(…) Fi du chien bellâtre, de ce fat quadrupède, danois, king-charles, carlin ou gredin, si enchanté de lui-même qu'il s'élance dans les jambes ou sur les genoux du visiteur, comme s'il était sûr de plaire, turbulent comme un enfant, sot comme une lorette, quelquefois hargneux et insolent comme un domestique ! Fi surtout de ces serpents à quatre pattes, frissonnants et désœuvrés, qu'on nomme levrettes, et qui ne logent même pas dans leur museau pointu assez de flair pour suivre la piste d'un ami, ni dans leur tête aplatie assez d'intelligence pour jouer au domino !

À la niche, tous ces fatigants parasites !

Qu'ils retournent à leur niche soyeuse et capitonnée ! Je chante le chien crotté, le chien pauvre, le chien sans domicile, le chien flâneur, le chien saltimbanque, le chien dont l'instinct, comme celui du pauvre, du bohémien et de l'histrion, est merveilleusement aiguillonné par la nécessité, cette si bonne mère, cette vraie patronne des intelligences !Je chante les chiens calamiteux, soit ceux qui errent, solitaires, dans les ravines sinueuses des immenses villes, soit ceux qui ont dit à l'homme abandonné, avec des yeux clignotants et spirituels : « Prends-moi avec toi, et de nos deux misères nous ferons peut-être une espèce de bonheur ! »

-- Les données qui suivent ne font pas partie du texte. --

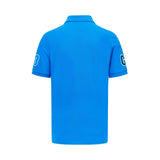 Polo Mercedes George Russell para hombre, azul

« Où sont les chiens ? » disait autrefois Nestor Roqueplan dans un immortel feuilleton qu'il a sans doute oublié, et dont moi seul, et Sainte-Beuve peut-être, nous nous souvenons encore aujourd'hui.

Où vont les chiens, dites-vous, hommes peu attentifs ? Ils vont à leurs affaires.

Rendez-vous d'affaires, rendez-vous d'amour. À travers la brume, à travers la neige, à travers la crotte, sous la canicule mordante, sous la pluie ruisselante, ils vont, ils viennent, ils trottent, ils passent sous les voitures excités par les puces, la passion, le besoin ou le devoir. Comme nous, ils se sont levés de bon matin, et ils cherchent leur vie et courent à leurs plaisirs.Il y en a qui couchent dans une ruine de la banlieue et qui viennent, chaque jour, à heure fixe, réclamer la sportule à la porte d'une cuisine du Palais-Royal ; d'autres qui accourent, par troupes, de plus de cinq lieues, pour partager le repas que leur a préparé la charité de certaines pucelles sexagénaires, dont le cœur inoccupé s'est donné aux bêtes, parce que les hommes imbéciles n'en veulent plus.

D'autres qui, comme des nègres marrons, affolés d'amour, quittent, à certains jours, leur département pour venir à la ville, gambader pendant une heure, autour d'une belle chienne, un peu négligée dans sa toilette, mais fière et reconnaissante.Et ils sont tous très exacts, sans carnets, sans notes et sans portefeuilles.

(…)

Charles Baudelaire, Le spleen de Paris, L, Gallimard, 1961.